Three of main themes that we observed at HTH were:
  • a relaxed, can-do, and collaborative environment attitude where educators help one another  
  • peer-editing and iteration based in 'warm' and 'cool' feedback
  • a selfless, 'service to others' mentality
  • everything with purpose
But how could we re-create these themes at a faculty meeting?  A couple of things fell in to place for us: first of all, our team of teachers that went to HTH were champing at the bit to get started on some projects in their classes, and secondly, we were in the process of co-developing our school improvement plan.  As a result, the faculty activities that we came up with for the April Staff Meeting (after Good News and a few logistics) came to look like this:

Part One:  
  • Each of HTH Exploratory Team member got 1-2 minutes to speak about their experience at HTH, with a picture-heavy slide show (co-developed with another school here in our district) up in the background to provide some visuals and help us describe what we saw
  • Three of the team members presented their ideas for projects to be completed between now and the end of the year.  Their projects were:
    • Students creating a collaborative kinetic sculpture to demonstrate the concepts of Physics 11 and 12.
    • Creating/redesigning a library space where 'everyone wants to go'.
    • Creating travel blog posts about the Maghreb region, a French-speaking region of Northern Africa in order to be able to apply and get a job at www.worldofwanderlust.com to travel the world and write blog posts.
  • The three project leaders asked the staff to be a part of a Project Tuning Protocol so that they could get new ideas and help to make their projects even better.
  • The three other team members (and myself) facilitated the Project Tune (listen in on one of the discussions here)
  • The staff members self-organized into three collaborative groups according to the project they felt they were interested in and/or would have something to contribute and 'tune' project for their colleague.
  • Each group reflected on the process of "Project Tuning".
Part Two:
Peer-editing our School Improvement Plan
In each activity, I saw rich dialogue.  I saw people laughing, smiling, and working hard.  I saw people digging in and really trying to give critical feedback to their peers through the project tune and the peer-editing because people needed the feedback.  I saw frustration, and people trying to figure our the best way to articulate their thoughts to each other, and to the potential student and community audiences that will be participating in the projects and viewing our School Improvement Plan. I also saw a couple of people that were sitting back at different points and taking everything in, and that too was good: people have different ways of processing, and we need to honor that.  However, because each staff member knew that they had a task to accomplish for someone else, each staff member got involved.

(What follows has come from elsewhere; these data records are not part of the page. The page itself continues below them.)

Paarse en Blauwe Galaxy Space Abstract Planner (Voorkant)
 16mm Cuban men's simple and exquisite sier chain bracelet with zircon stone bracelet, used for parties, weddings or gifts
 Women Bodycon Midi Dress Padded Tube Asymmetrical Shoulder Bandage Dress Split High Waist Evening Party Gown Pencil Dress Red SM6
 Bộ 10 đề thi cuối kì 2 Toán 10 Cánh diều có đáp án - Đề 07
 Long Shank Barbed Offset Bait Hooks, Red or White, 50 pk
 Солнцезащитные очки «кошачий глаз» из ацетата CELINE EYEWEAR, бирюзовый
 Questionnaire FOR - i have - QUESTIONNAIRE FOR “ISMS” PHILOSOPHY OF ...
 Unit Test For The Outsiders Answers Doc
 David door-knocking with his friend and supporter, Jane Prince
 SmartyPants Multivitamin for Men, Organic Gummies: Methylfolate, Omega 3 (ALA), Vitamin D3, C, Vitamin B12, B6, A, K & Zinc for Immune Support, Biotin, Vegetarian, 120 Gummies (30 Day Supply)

By doing this activity, our faculty members 
  • got to work with each other in a relaxed, non-threatening manner
  • did two different styles of peer-editing through the project tune and through the SIP analysis
  • helped each other and did peer-editing with a purpose--they did it because they wanted to help their colleagues -- people needed their feedback in the form of a second set of eyes.  
  • got to do a great deal of "Learning Beyond The Content" (my next post--stay tuned).
While I would have loved to have taken our entire staff to High Tech High in San Diego, it was just not possible.  And although we will continue to send exploratory teams to California as we travel the PBL journey that we have embarked upon, we need to keep our entire faculty engaged and involved along the way.  By determining the most important pieces that we observed and developing activities that would help our faculty experience what we observed in the spirit of "learning by doing", I hope we whet people's appetites even more for Project-Based Learning!

I would like to acknowledge the work of Jordan Backman, Susanne Blohm, Jen Cacaci, Tanya Cail, Cecile McVittie, and Kirk Smith, our HTH Exploratory Team.  The leadership they continue to show about PBL has been truly inspirational.